- INPUT MATERIAL:
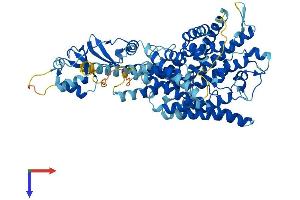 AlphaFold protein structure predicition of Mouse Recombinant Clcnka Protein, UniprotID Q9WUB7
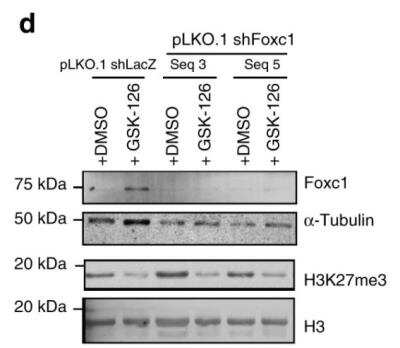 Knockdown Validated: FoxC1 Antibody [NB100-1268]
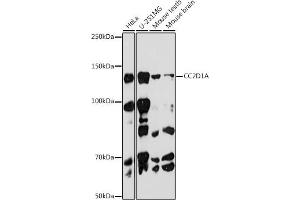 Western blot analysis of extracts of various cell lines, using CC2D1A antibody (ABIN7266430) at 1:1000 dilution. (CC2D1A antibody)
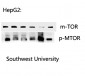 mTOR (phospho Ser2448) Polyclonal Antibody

* * *

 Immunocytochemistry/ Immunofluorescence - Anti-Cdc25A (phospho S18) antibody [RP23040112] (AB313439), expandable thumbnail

- TASK BRIEF: Take the material above from the line bearing "AlphaFold protein structure" through the line bearing "mTOR (phospho Ser2448) Polyclonal Antibody" and write it out exactly, both end lines included. Pictures stay out.

- ANSWER:
 AlphaFold protein structure predicition of Mouse Recombinant Clcnka Protein, UniprotID Q9WUB7
 Knockdown Validated: FoxC1 Antibody [NB100-1268]
 Western blot analysis of extracts of various cell lines, using CC2D1A antibody (ABIN7266430) at 1:1000 dilution. (CC2D1A antibody)
 mTOR (phospho Ser2448) Polyclonal Antibody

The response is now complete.